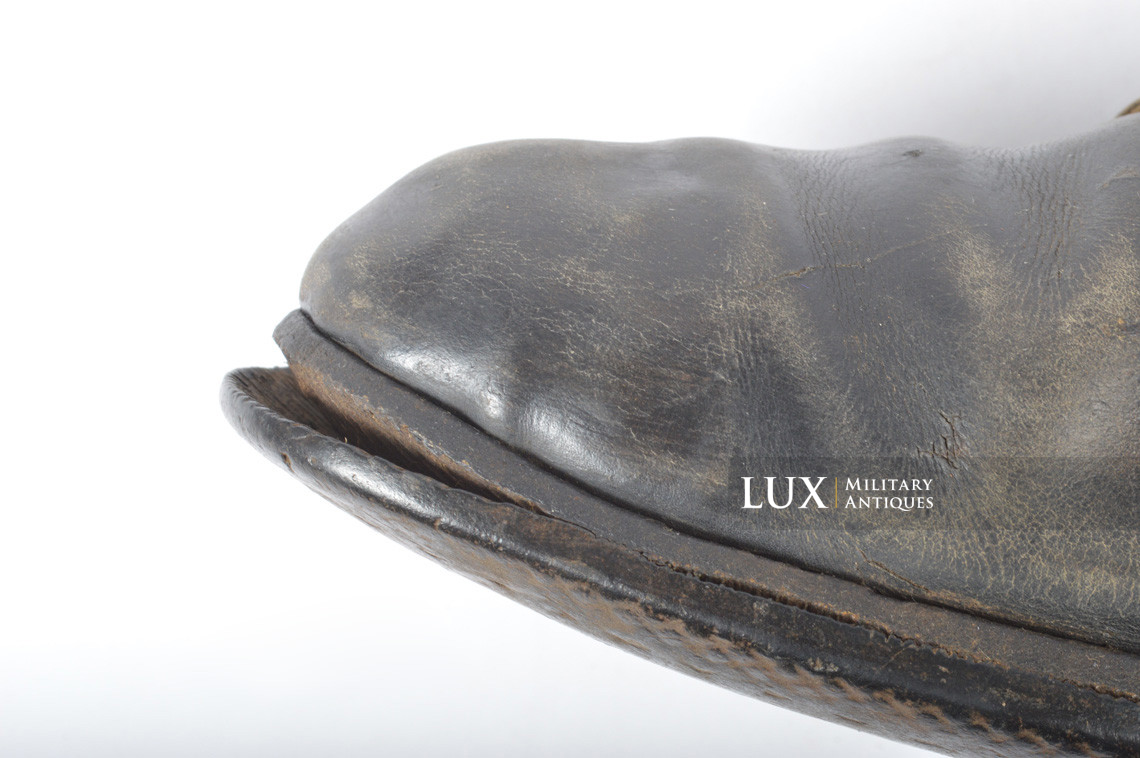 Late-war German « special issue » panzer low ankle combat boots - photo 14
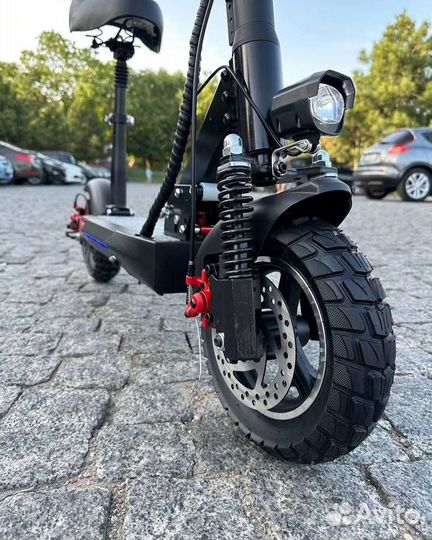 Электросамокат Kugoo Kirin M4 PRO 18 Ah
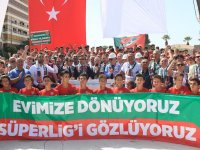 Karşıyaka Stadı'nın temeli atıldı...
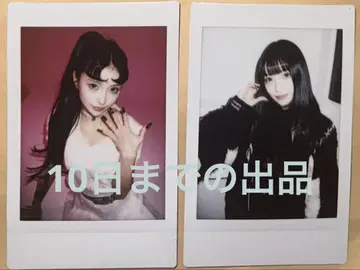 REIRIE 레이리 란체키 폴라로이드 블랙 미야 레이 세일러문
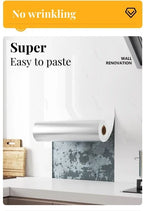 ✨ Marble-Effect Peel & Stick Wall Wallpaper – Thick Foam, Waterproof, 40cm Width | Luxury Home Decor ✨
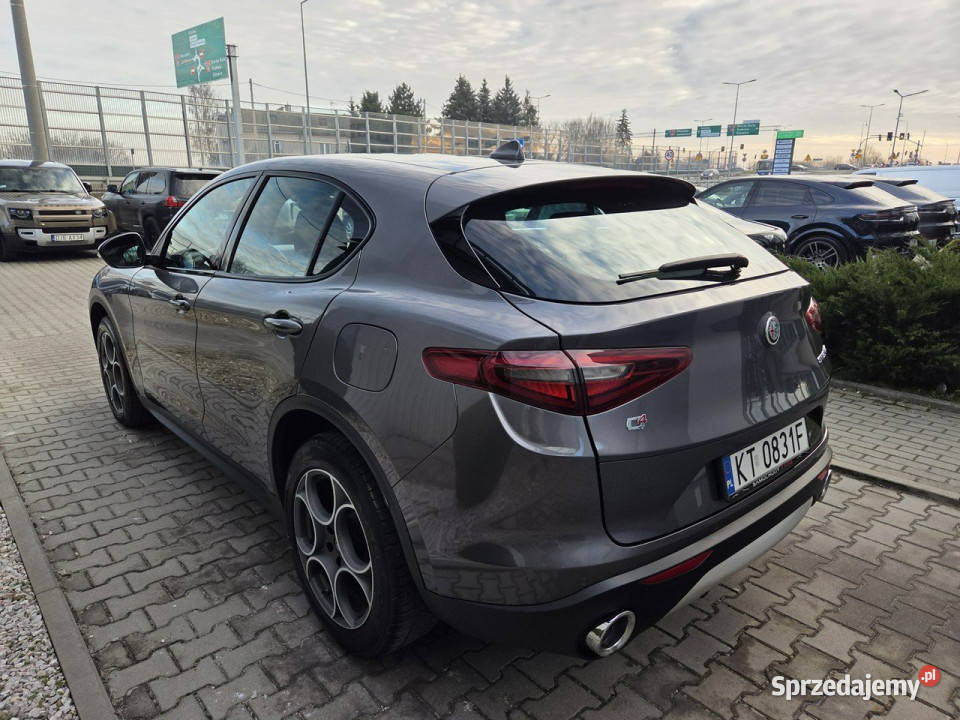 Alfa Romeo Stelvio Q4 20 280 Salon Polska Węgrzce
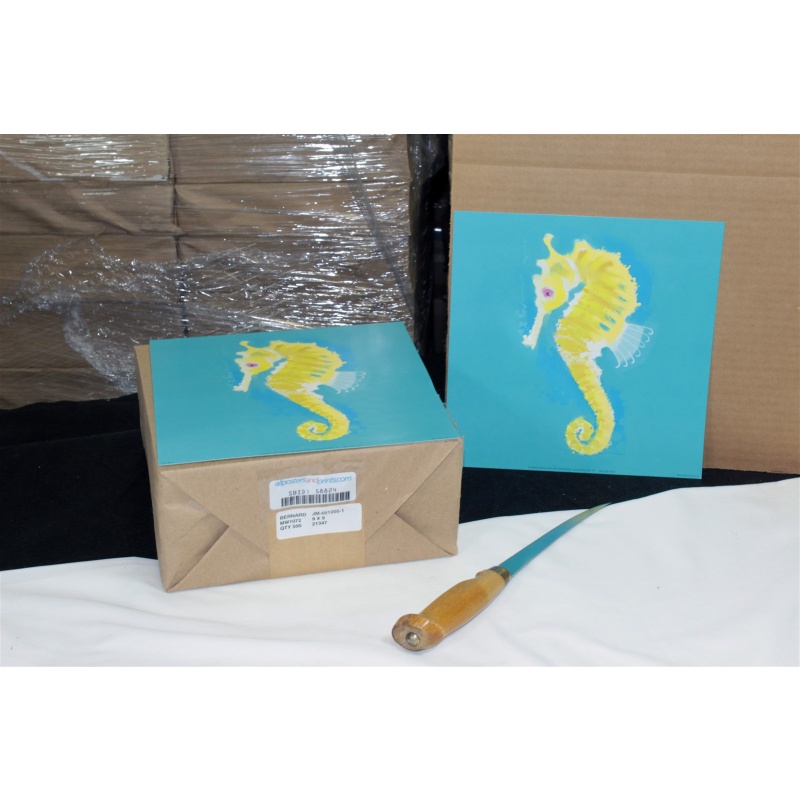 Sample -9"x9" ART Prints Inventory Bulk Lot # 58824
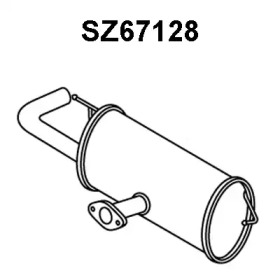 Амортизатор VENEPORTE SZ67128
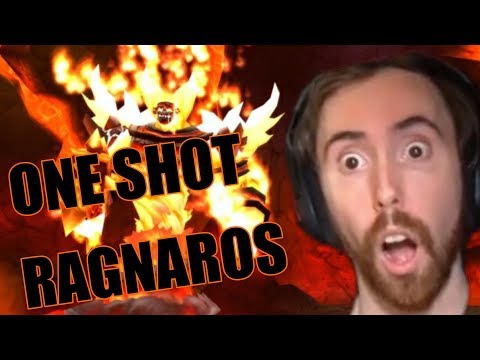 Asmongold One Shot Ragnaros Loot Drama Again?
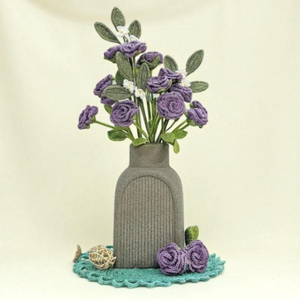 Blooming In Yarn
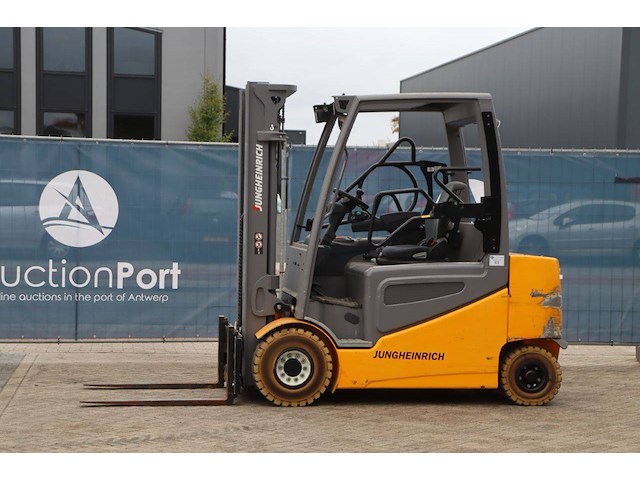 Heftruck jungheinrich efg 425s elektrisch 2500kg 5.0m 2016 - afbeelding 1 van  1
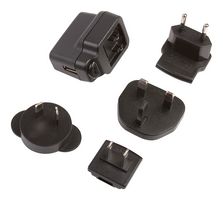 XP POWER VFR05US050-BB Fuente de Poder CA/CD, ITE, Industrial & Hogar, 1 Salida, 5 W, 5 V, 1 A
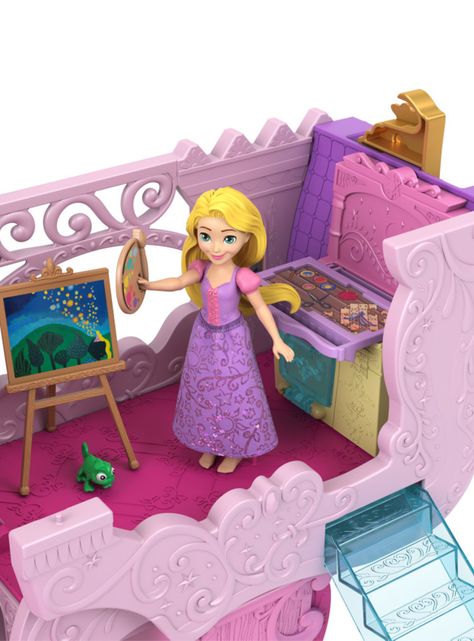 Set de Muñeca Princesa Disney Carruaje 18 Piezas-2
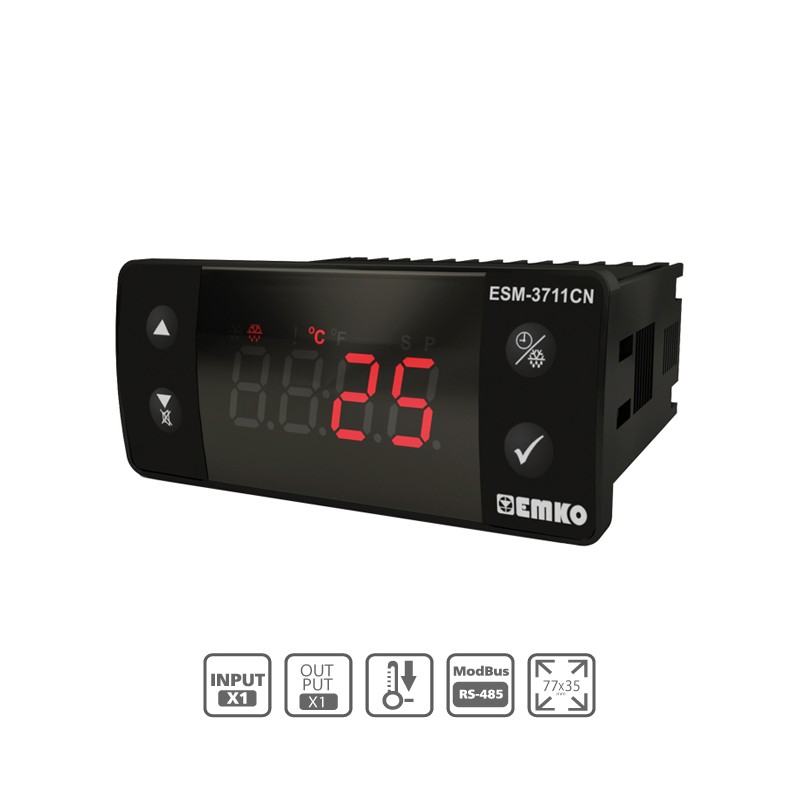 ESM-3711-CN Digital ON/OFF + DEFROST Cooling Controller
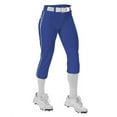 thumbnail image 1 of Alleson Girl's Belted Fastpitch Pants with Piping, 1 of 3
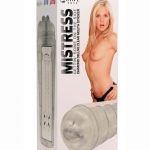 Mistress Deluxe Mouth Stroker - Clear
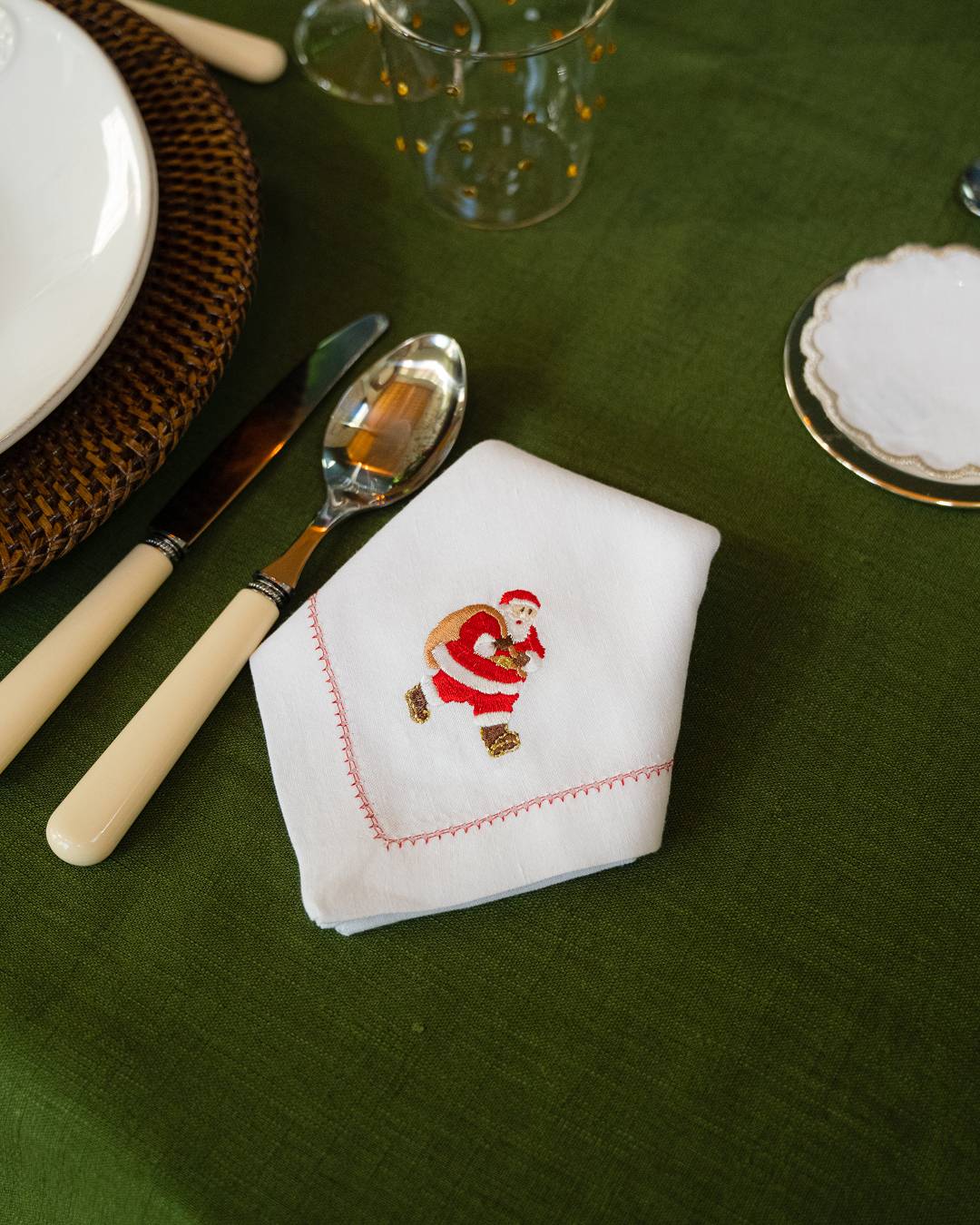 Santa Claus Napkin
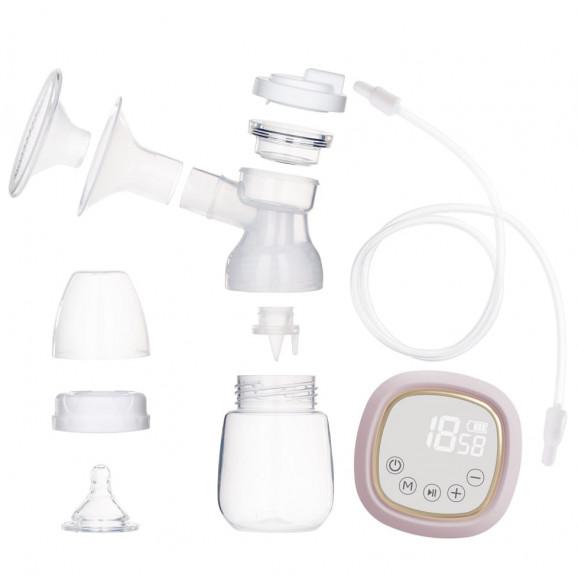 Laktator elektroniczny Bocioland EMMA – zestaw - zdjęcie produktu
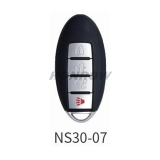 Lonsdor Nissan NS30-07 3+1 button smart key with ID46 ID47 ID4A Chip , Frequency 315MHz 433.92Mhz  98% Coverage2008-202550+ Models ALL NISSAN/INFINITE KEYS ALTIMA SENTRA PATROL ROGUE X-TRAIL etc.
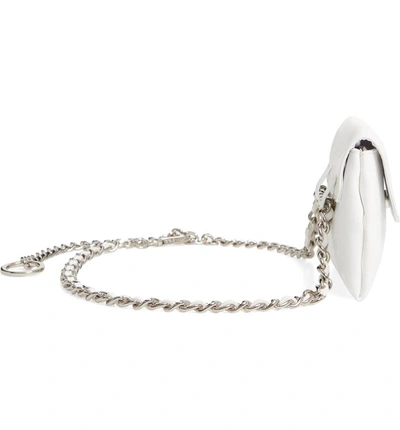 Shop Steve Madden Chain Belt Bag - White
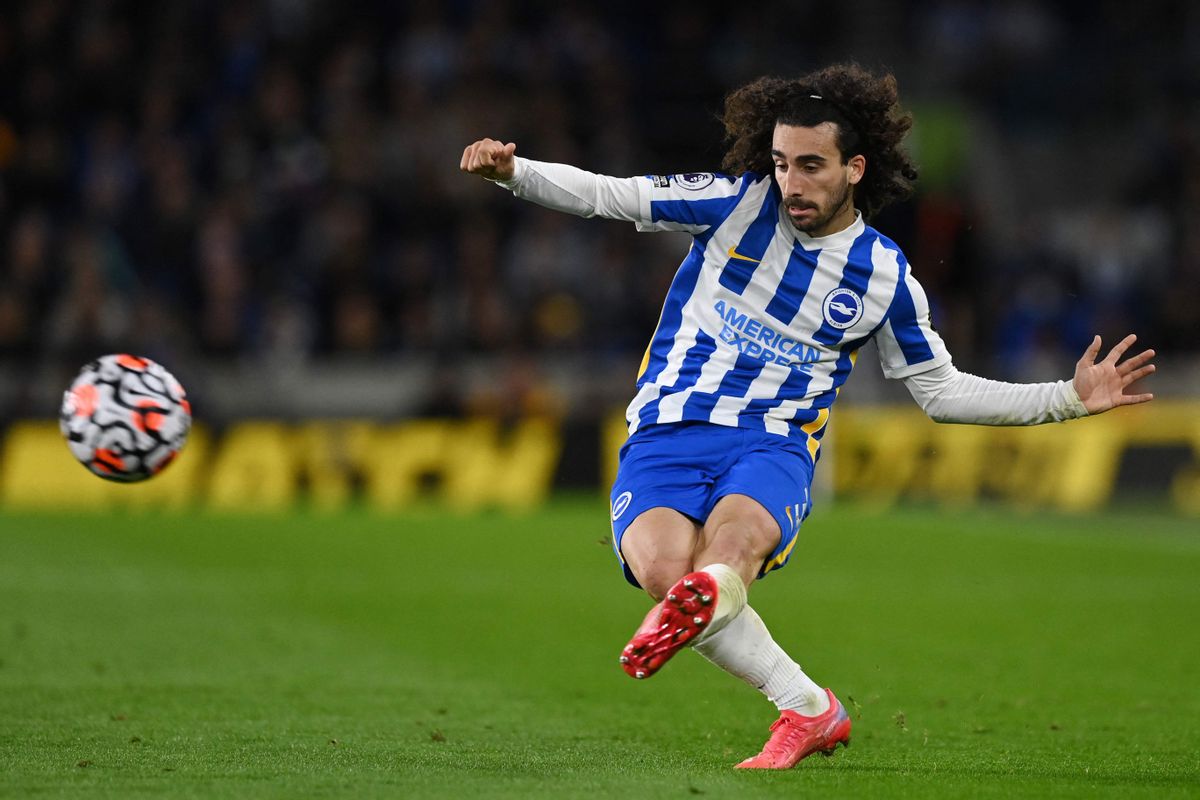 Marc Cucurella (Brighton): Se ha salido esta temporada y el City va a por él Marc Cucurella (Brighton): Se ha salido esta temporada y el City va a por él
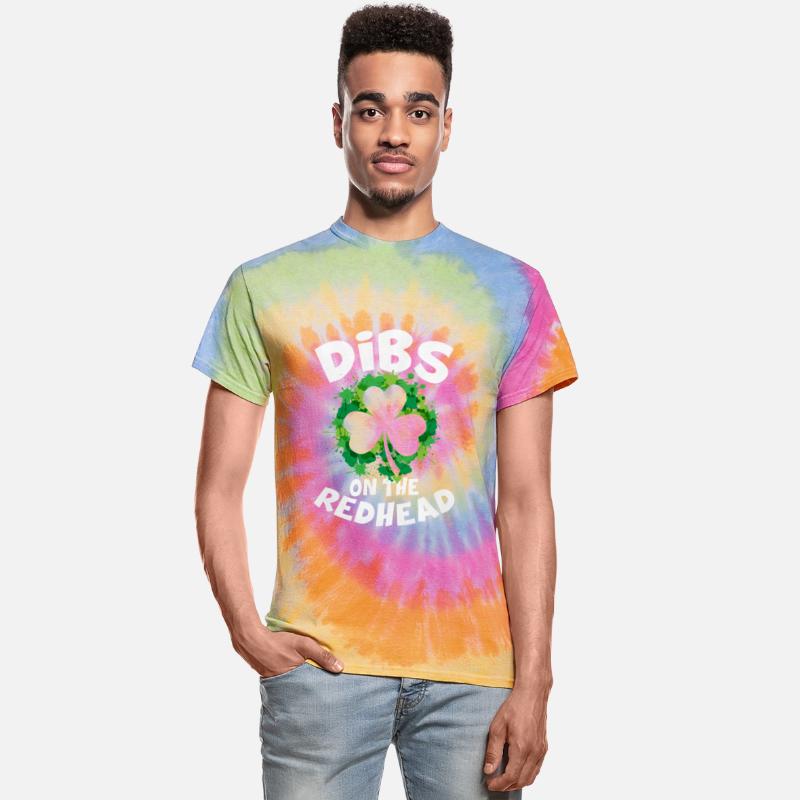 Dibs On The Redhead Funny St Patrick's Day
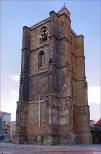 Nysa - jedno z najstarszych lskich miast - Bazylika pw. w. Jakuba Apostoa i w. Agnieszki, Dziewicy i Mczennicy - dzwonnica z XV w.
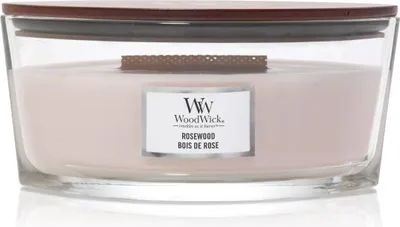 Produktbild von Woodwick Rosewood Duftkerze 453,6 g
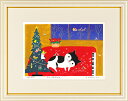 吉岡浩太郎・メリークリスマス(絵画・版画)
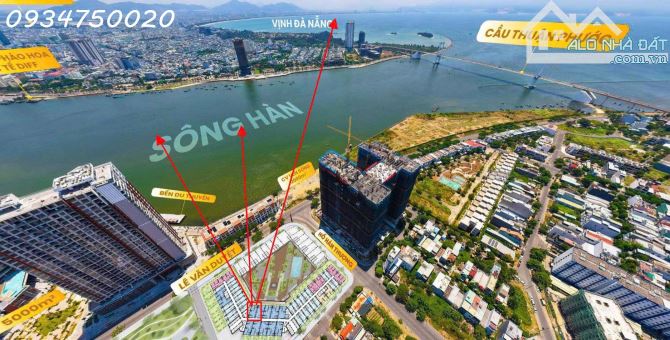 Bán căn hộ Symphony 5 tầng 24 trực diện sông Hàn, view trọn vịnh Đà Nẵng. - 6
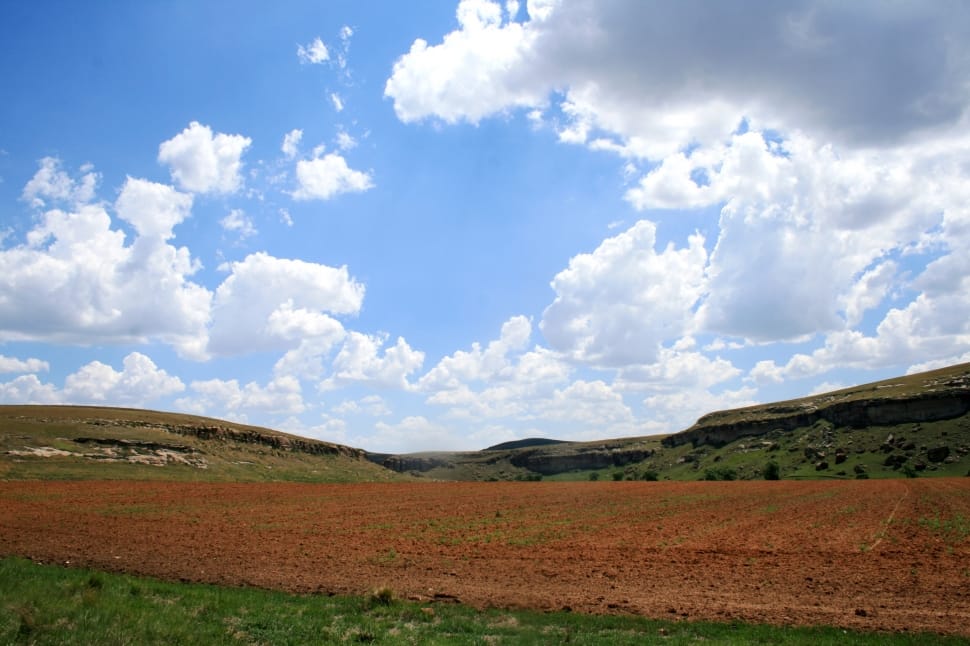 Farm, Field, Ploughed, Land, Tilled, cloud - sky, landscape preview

Work item: Pictures should be omitted. Please return exactly the lines from the line that holds "REIRIE 레이리 란체키 폴라로이드 블랙 미야 레이 세일러문" through the end of the records.

Response to this task:
 REIRIE 레이리 란체키 폴라로이드 블랙 미야 레이 세일러문
 ✨ Marble-Effect Peel & Stick Wall Wallpaper – Thick Foam, Waterproof, 40cm Width | Luxury Home Decor ✨
 Alfa Romeo Stelvio Q4 20 280 Salon Polska Węgrzce
 Sample -9"x9" ART Prints Inventory Bulk Lot # 58824
 Амортизатор VENEPORTE SZ67128
 Asmongold One Shot Ragnaros Loot Drama Again?
 Blooming In Yarn
 Heftruck jungheinrich efg 425s elektrisch 2500kg 5.0m 2016 - afbeelding 1 van  1
 XP POWER VFR05US050-BB Fuente de Poder CA/CD, ITE, Industrial & Hogar, 1 Salida, 5 W, 5 V, 1 A
 Set de Muñeca Princesa Disney Carruaje 18 Piezas-2
 ESM-3711-CN Digital ON/OFF + DEFROST Cooling Controller
 thumbnail image 1 of Alleson Girl's Belted Fastpitch Pants with Piping, 1 of 3
 Mistress Deluxe Mouth Stroker - Clear
 Santa Claus Napkin
 Laktator elektroniczny Bocioland EMMA – zestaw - zdjęcie produktu
 Lonsdor Nissan NS30-07 3+1 button smart key with ID46 ID47 ID4A Chip , Frequency 315MHz 433.92Mhz  98% Coverage2008-202550+ Models ALL NISSAN/INFINITE KEYS ALTIMA SENTRA PATROL ROGUE X-TRAIL etc.
 Shop Steve Madden Chain Belt Bag - White
 Marc Cucurella (Brighton): Se ha salido esta temporada y el City va a por él Marc Cucurella (Brighton): Se ha salido esta temporada y el City va a por él
 Dibs On The Redhead Funny St Patrick's Day
 Nysa - jedno z najstarszych lskich miast - Bazylika pw. w. Jakuba Apostoa i w. Agnieszki, Dziewicy i Mczennicy - dzwonnica z XV w.
 Produktbild von Woodwick Rosewood Duftkerze 453,6 g
 吉岡浩太郎・メリークリスマス(絵画・版画)
 Bán căn hộ Symphony 5 tầng 24 trực diện sông Hàn, view trọn vịnh Đà Nẵng. - 6
 Farm, Field, Ploughed, Land, Tilled, cloud - sky, landscape preview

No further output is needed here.